(Stored items)
- - - - - - -

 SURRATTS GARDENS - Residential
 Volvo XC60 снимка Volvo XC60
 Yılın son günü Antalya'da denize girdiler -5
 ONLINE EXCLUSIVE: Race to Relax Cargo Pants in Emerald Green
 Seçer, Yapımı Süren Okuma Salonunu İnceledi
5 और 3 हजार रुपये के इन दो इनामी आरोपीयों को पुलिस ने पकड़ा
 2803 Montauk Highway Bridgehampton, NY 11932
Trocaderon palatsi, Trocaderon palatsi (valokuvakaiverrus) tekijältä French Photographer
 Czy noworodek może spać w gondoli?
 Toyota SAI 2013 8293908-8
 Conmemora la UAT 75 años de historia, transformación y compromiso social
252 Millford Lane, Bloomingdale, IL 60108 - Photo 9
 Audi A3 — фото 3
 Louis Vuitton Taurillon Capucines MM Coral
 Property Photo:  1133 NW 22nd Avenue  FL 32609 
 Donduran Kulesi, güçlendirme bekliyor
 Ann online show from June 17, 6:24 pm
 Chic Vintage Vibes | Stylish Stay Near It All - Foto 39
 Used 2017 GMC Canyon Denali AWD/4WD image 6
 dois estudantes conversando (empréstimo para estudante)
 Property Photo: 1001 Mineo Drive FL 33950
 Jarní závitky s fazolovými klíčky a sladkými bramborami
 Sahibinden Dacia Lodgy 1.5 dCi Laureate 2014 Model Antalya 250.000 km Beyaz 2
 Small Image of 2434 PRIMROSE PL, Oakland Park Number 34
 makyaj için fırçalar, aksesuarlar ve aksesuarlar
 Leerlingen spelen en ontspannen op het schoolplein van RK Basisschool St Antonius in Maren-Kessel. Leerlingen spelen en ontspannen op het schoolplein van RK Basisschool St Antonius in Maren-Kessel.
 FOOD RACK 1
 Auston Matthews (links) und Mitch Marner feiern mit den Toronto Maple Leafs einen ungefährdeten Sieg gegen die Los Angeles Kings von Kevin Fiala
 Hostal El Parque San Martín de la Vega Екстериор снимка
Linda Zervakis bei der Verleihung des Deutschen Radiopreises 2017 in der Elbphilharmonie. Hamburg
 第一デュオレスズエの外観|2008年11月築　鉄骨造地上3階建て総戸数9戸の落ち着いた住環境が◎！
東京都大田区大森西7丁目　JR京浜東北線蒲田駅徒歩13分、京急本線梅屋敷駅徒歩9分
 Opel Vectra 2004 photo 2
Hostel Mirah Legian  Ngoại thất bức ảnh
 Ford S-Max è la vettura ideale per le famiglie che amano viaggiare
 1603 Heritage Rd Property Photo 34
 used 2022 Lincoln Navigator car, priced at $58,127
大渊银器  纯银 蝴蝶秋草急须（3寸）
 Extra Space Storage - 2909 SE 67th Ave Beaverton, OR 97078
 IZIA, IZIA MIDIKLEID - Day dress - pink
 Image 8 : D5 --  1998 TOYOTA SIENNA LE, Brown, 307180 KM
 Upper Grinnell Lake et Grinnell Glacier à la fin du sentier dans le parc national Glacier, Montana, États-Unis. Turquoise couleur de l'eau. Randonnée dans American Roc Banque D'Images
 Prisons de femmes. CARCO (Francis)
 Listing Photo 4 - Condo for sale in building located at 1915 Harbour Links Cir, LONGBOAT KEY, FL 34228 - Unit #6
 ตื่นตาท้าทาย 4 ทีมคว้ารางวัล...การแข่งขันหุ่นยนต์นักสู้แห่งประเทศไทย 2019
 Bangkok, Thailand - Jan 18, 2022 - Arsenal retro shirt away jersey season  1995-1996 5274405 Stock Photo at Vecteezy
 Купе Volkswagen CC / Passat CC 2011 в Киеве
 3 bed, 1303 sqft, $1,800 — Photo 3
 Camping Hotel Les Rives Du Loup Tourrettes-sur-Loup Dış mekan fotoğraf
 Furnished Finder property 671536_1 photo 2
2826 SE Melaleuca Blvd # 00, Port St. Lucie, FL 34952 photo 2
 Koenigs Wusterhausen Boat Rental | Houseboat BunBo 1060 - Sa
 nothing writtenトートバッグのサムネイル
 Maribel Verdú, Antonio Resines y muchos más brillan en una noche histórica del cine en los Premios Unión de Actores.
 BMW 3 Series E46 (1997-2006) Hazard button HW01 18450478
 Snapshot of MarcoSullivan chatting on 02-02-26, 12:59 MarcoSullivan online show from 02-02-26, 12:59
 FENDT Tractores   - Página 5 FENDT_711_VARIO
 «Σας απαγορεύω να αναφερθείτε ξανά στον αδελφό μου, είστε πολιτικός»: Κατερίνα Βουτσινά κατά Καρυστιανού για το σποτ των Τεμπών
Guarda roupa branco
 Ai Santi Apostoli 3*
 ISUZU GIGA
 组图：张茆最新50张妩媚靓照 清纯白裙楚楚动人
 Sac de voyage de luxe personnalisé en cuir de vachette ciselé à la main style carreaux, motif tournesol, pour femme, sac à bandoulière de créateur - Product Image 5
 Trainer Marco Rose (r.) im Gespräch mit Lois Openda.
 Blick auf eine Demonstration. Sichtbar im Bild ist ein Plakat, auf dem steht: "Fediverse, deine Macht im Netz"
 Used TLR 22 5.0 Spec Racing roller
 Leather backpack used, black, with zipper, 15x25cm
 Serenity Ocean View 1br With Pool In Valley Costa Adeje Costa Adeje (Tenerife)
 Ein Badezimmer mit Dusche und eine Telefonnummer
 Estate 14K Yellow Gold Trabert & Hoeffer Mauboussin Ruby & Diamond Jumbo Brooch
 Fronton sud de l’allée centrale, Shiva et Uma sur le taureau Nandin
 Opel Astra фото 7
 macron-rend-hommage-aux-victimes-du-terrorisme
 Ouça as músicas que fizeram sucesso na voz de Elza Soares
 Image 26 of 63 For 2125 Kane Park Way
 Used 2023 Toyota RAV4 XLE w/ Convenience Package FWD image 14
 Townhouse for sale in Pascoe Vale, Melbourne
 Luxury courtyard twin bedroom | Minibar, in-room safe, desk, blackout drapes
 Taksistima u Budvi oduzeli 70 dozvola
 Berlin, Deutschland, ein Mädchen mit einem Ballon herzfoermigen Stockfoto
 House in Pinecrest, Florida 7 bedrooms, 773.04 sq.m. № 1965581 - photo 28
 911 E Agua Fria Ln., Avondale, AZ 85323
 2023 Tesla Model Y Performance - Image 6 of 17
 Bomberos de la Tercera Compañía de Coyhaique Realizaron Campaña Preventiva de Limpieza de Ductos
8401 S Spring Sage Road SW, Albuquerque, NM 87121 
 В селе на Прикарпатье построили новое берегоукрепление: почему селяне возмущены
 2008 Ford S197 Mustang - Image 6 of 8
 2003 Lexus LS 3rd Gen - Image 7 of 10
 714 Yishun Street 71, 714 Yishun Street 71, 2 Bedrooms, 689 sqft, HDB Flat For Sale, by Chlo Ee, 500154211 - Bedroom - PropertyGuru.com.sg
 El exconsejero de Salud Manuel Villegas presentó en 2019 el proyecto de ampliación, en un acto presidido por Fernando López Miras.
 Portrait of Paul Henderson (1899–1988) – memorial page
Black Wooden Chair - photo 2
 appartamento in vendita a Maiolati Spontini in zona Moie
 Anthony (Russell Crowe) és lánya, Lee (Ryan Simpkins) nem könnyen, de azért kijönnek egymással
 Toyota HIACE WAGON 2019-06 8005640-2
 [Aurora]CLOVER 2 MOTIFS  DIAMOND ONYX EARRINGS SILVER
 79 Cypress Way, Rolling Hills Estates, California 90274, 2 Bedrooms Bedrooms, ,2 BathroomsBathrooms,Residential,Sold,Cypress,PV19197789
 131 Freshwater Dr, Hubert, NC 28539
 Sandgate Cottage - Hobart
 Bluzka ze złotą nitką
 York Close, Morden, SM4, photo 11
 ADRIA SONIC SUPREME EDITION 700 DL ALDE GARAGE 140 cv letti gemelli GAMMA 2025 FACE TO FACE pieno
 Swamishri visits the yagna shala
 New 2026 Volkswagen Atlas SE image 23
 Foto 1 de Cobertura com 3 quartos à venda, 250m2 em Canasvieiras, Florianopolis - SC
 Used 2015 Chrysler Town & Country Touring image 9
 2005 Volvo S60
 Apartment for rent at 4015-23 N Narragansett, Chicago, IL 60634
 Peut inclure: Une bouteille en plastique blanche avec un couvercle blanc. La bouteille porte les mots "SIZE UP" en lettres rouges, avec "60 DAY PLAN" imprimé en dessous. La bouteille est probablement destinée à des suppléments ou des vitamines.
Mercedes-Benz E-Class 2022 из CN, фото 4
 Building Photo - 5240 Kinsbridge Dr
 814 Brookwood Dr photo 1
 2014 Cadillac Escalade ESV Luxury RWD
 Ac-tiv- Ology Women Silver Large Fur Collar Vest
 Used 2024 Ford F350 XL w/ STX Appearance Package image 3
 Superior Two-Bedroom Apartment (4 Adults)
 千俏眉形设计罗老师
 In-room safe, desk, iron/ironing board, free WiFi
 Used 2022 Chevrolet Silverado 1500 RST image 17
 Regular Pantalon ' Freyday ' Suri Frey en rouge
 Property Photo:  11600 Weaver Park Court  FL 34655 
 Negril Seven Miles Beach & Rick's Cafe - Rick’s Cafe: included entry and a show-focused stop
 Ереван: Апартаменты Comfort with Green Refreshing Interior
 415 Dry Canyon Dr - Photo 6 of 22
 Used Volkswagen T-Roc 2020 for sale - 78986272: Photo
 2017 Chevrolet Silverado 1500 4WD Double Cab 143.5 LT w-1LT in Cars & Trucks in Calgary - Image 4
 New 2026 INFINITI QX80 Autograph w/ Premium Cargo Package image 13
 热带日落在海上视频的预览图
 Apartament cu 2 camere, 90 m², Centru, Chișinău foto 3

- - - - - - -

Activity - Return a word-for-word copy of the lines above from the one holding "第一デュオレスズエの外観|2" through the one holding "Trainer Marco Rose", with both of them included and nothing besides.

Problem solution -
 第一デュオレスズエの外観|2008年11月築　鉄骨造地上3階建て総戸数9戸の落ち着いた住環境が◎！
東京都大田区大森西7丁目　JR京浜東北線蒲田駅徒歩13分、京急本線梅屋敷駅徒歩9分
 Opel Vectra 2004 photo 2
Hostel Mirah Legian  Ngoại thất bức ảnh
 Ford S-Max è la vettura ideale per le famiglie che amano viaggiare
 1603 Heritage Rd Property Photo 34
 used 2022 Lincoln Navigator car, priced at $58,127
大渊银器  纯银 蝴蝶秋草急须（3寸）
 Extra Space Storage - 2909 SE 67th Ave Beaverton, OR 97078
 IZIA, IZIA MIDIKLEID - Day dress - pink
 Image 8 : D5 --  1998 TOYOTA SIENNA LE, Brown, 307180 KM
 Upper Grinnell Lake et Grinnell Glacier à la fin du sentier dans le parc national Glacier, Montana, États-Unis. Turquoise couleur de l'eau. Randonnée dans American Roc Banque D'Images
 Prisons de femmes. CARCO (Francis)
 Listing Photo 4 - Condo for sale in building located at 1915 Harbour Links Cir, LONGBOAT KEY, FL 34228 - Unit #6
 ตื่นตาท้าทาย 4 ทีมคว้ารางวัล...การแข่งขันหุ่นยนต์นักสู้แห่งประเทศไทย 2019
 Bangkok, Thailand - Jan 18, 2022 - Arsenal retro shirt away jersey season  1995-1996 5274405 Stock Photo at Vecteezy
 Купе Volkswagen CC / Passat CC 2011 в Киеве
 3 bed, 1303 sqft, $1,800 — Photo 3
 Camping Hotel Les Rives Du Loup Tourrettes-sur-Loup Dış mekan fotoğraf
 Furnished Finder property 671536_1 photo 2
2826 SE Melaleuca Blvd # 00, Port St. Lucie, FL 34952 photo 2
 Koenigs Wusterhausen Boat Rental | Houseboat BunBo 1060 - Sa
 nothing writtenトートバッグのサムネイル
 Maribel Verdú, Antonio Resines y muchos más brillan en una noche histórica del cine en los Premios Unión de Actores.
 BMW 3 Series E46 (1997-2006) Hazard button HW01 18450478
 Snapshot of MarcoSullivan chatting on 02-02-26, 12:59 MarcoSullivan online show from 02-02-26, 12:59
 FENDT Tractores   - Página 5 FENDT_711_VARIO
 «Σας απαγορεύω να αναφερθείτε ξανά στον αδελφό μου, είστε πολιτικός»: Κατερίνα Βουτσινά κατά Καρυστιανού για το σποτ των Τεμπών
Guarda roupa branco
 Ai Santi Apostoli 3*
 ISUZU GIGA
 组图：张茆最新50张妩媚靓照 清纯白裙楚楚动人
 Sac de voyage de luxe personnalisé en cuir de vachette ciselé à la main style carreaux, motif tournesol, pour femme, sac à bandoulière de créateur - Product Image 5
 Trainer Marco Rose (r.) im Gespräch mit Lois Openda.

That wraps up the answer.